Sarkozy : droit dans le mur

Mémoire et histoire sont trop souvent confondues par les hommes politiques. Or, les deux termes ont un sens bien différent.

Mémoire et Histoire : des notions différentes

La mémoire est de l’ordre du souvenir, de l’émotion, du vécu, du point de vue, du ressenti. Elle est éminemment subjective parce qu’elle suppose des choix (conscients et inconscients). Elle sécrète l’oubli, car elle est une sélection entre ce qui mérite d’être retenu et ce qu’il convient d’oublier. Il suffit de rappeler, par exemple, que l’existence de lois mémorielles vise à lutter collectivement contre l’oubli, bien que la mémoire puisse être également défaillante ou sujette à discussion.
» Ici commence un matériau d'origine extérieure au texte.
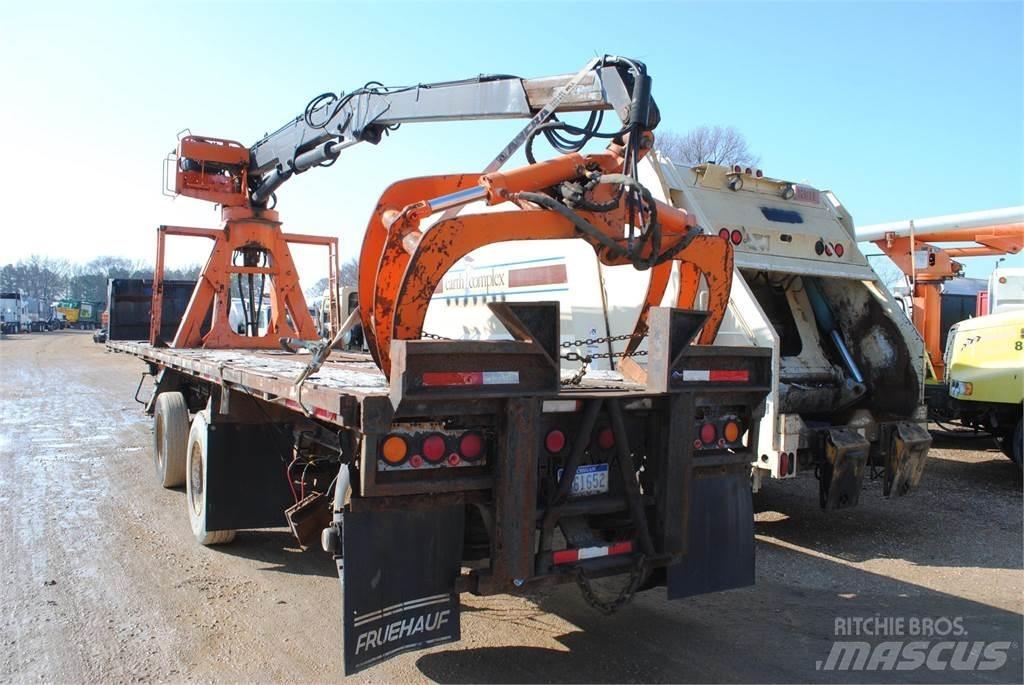 Prentice 410E Лесные прицепы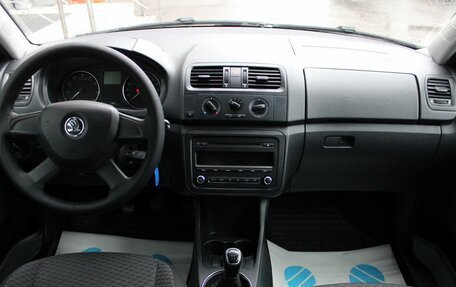 Skoda Fabia II, 2014 год, 432 000 рублей, 10 фотография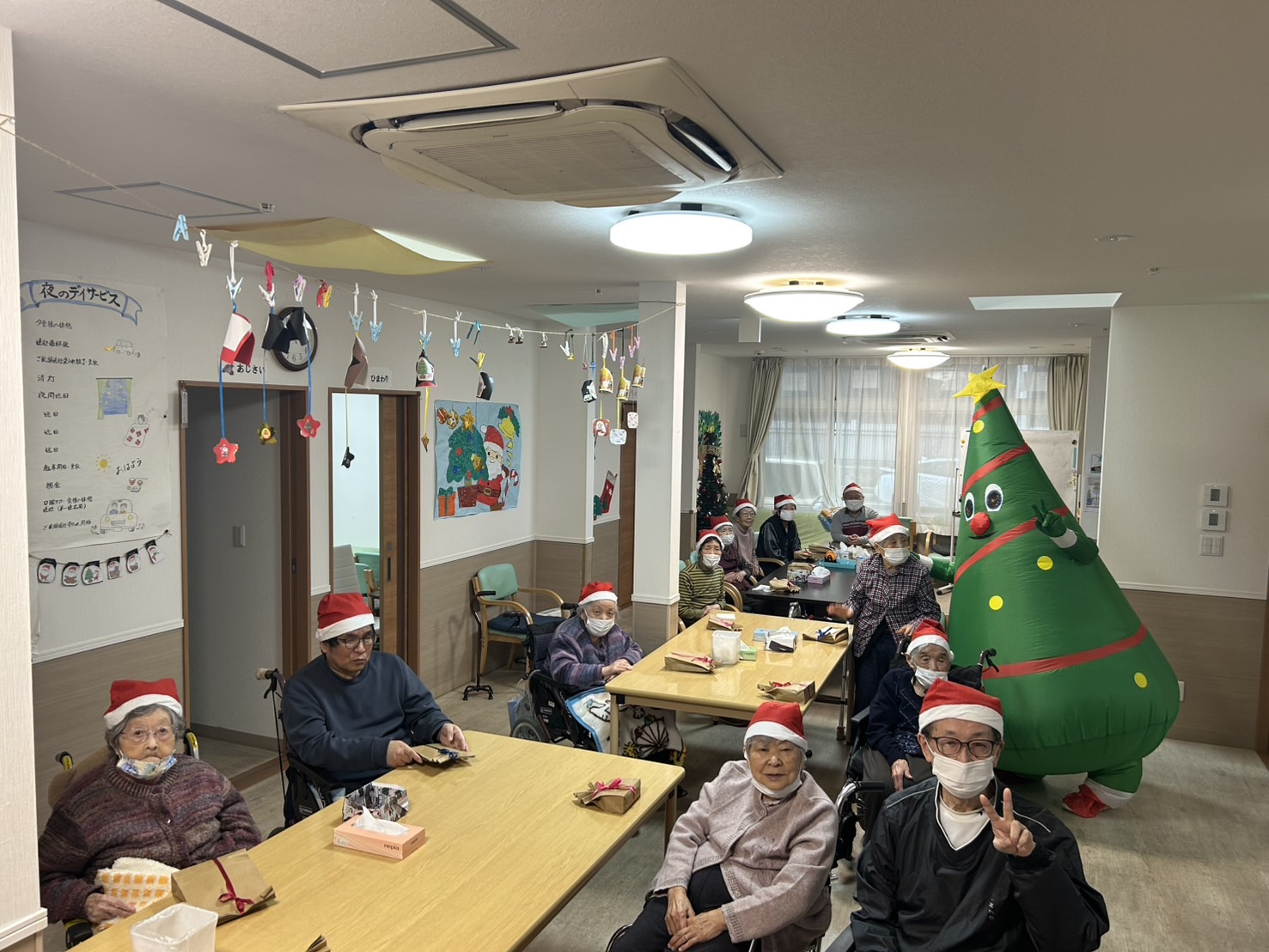 メリークリスマス！！☆彡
L’histoire, en revanche, se définit par la mise à distance, la reconstruction problématisée du passé. Elle tend à l’objectivité parce qu’elle suppose un décentrement du regard, une mise à distance du souvenir, de l’émotion, du point de vue, du ressenti. Elle appelle donc la réflexion, l’analyse et implique la possibilité de changer de point de vue.

La nouvelle polémique au sujet de la présence (douteuse) de Nicolas Sarkozy à Berlin, le soir du 9 novembre 1989, au moment des premières brèches dans le Mur, est un cas intéressant de télescopage des deux notions au service d’une utilisation intéressée à des fins politiques.
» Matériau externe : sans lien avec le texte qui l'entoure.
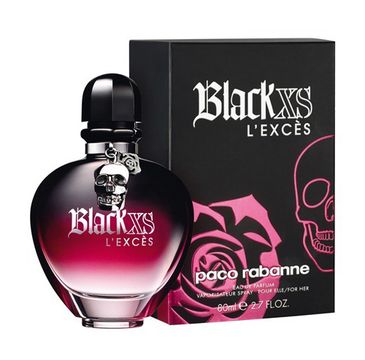 Paco Rabanne Black XS L'Exces For Her Woda perfumowana spray 50ml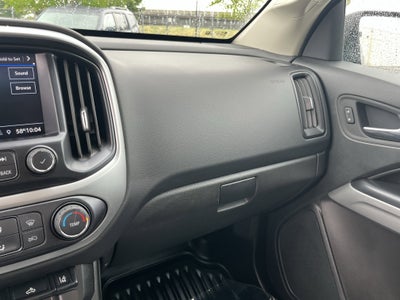 2022 Chevrolet Colorado 2WD LT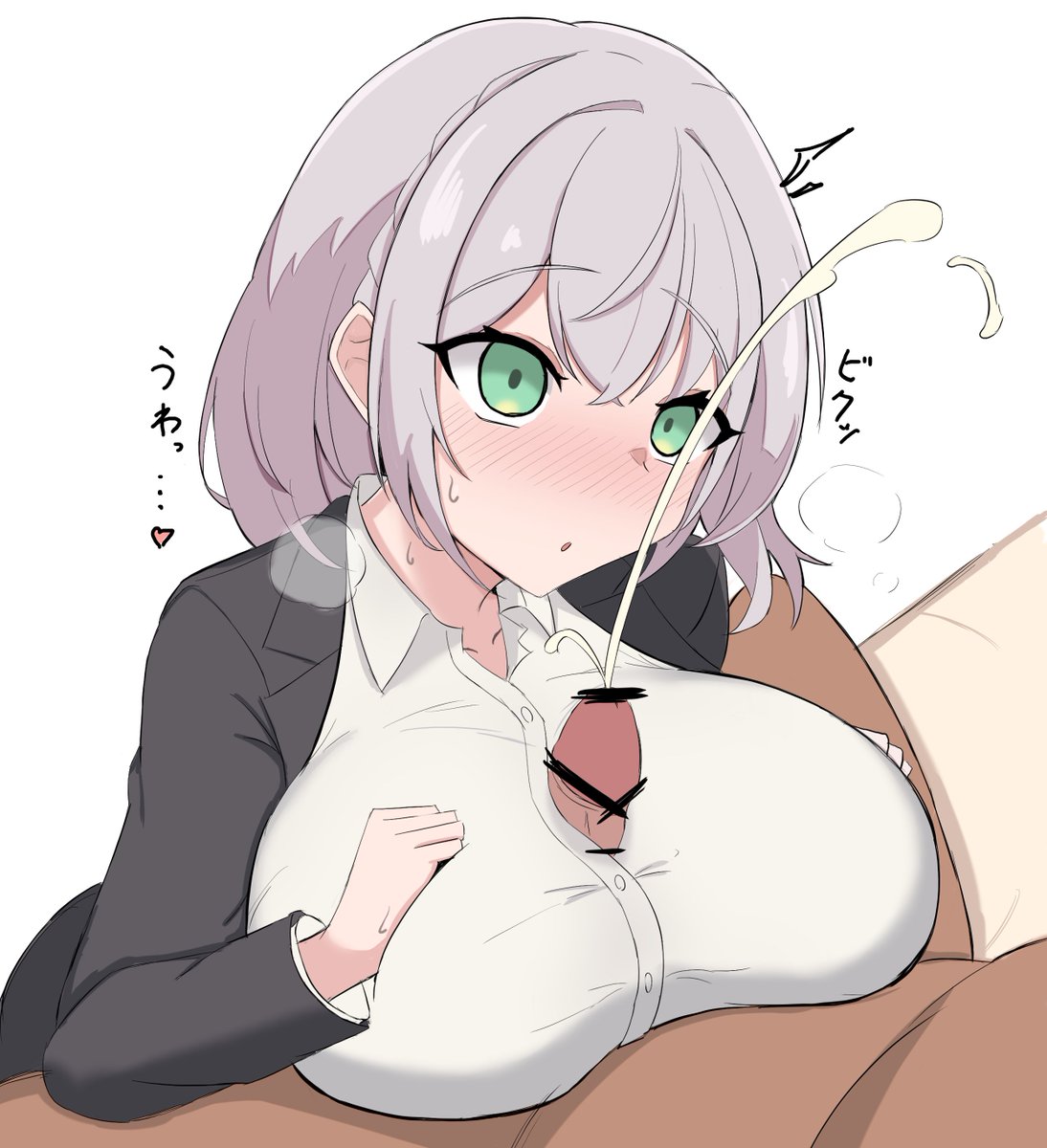 お題箱より
noelの着衣パイズリ 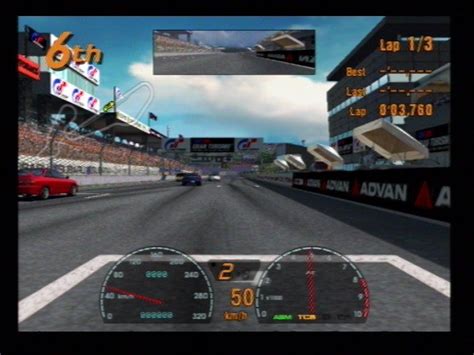 Gran Turismo 3 A Spec Screenshots For PlayStation 2 MobyGames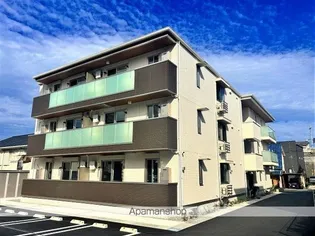 プランドール【3階】の外観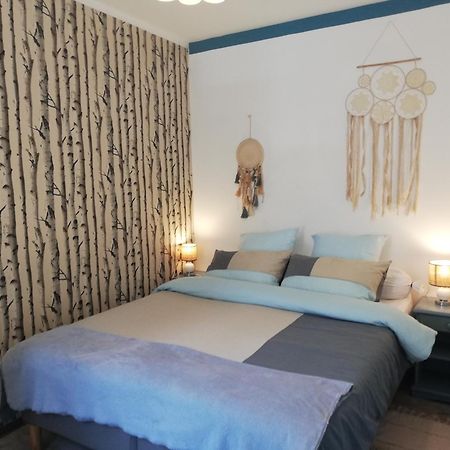 Le Coty Apartment Fecamp Exterior photo
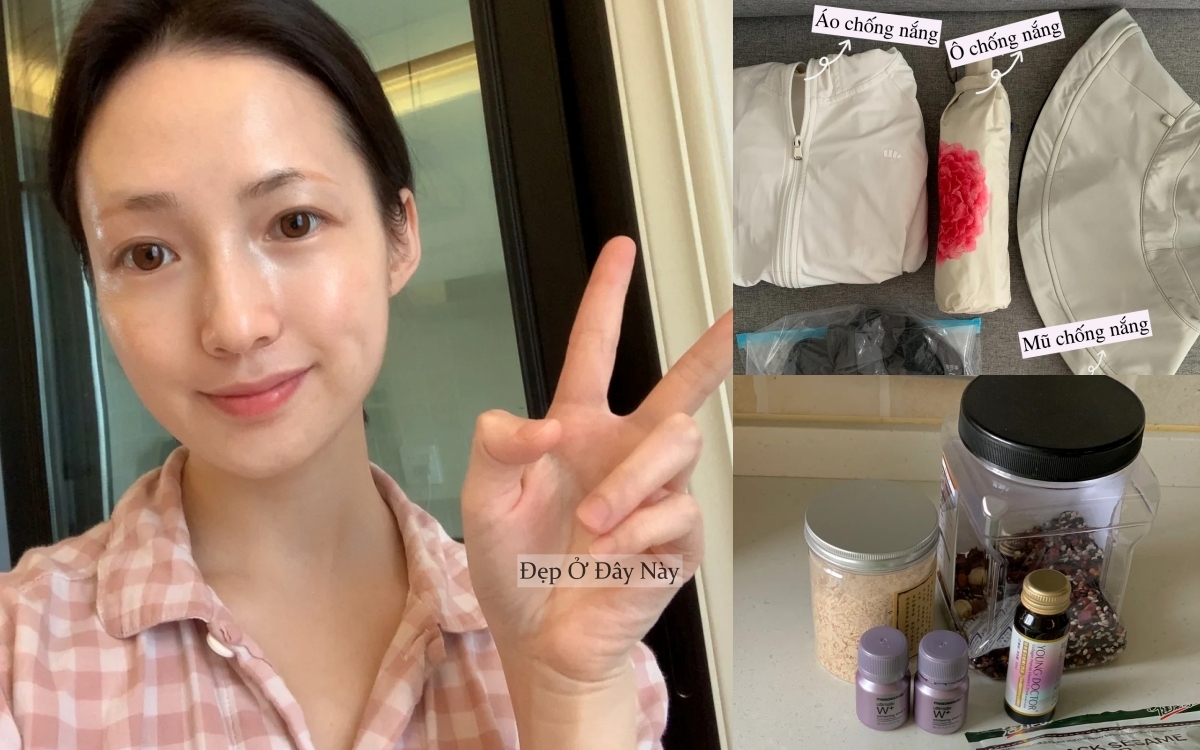 Tôi 31 tuổi và chưa từng sợ lão hóa nhờ 5 cách bảo tồn collagen để da căng bóng mỗi ngày- Ảnh 1. Tôi 31 tuổi và chưa từng sợ lão hóa nhờ 5 cách bảo tồn collagen để da căng bóng mỗi ngày- Ảnh 1.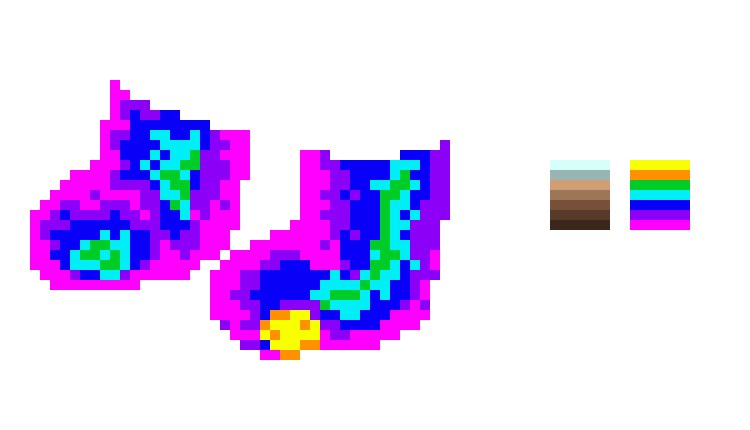 [d3a049] Boots pattern
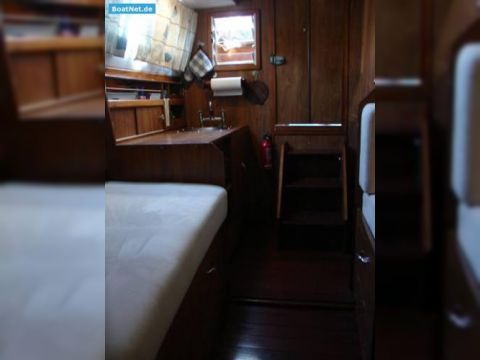 1978 Princess 32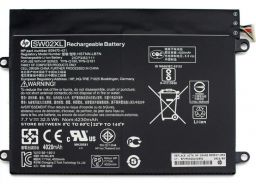 Bateria HP Original X2 210 G2, X2 10-P0 2 células 7.7V 32Wh 4230mAh (589470-1B1, 859470-121, 859470-1B1, 859470-421, 859517-855, HSTNN-IB7N, HSTNN-LB7N, SW02032XL) N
Sarkozy affirme qu’il ne rasait pas les murs à Berlin

Au fond, ce qui est important, ce n’est pas tant la présence (réelle ou supposée) de Nicolas Sarkozy à Berlin, que le message implicite que le président de la République a voulu donner de lui-même au monde entier en publiant, dimanche 8 novembre à 04:44, sur le réseau social Facebook, une photo le représentant, maillet et burin à la main, devant le Mur qui sépara, pendant 28 ans, les deux Allemagne et, au-delà d’elles, les blocs de l’est et de l’ouest. Car Sarkozy, ce soir-là, ne rasait pas les murs, qu’on se le dise, mais il était aux avant-postes devant le Mur.

Quel est donc le sens du message présidentiel sur Facebook ?

Avant toute chose, l’expression d’une subjectivité, la sienne en l’occurrence, mais aussi celle d’une mégalomanie pathologique aux termes de laquelle Nicolas Sarkozy tente, par la mémoire imprécise de ce qu’il faisait le 9 novembre 1989, de réécrire l’histoire afin de l’instrumentaliser à sa propre gloire.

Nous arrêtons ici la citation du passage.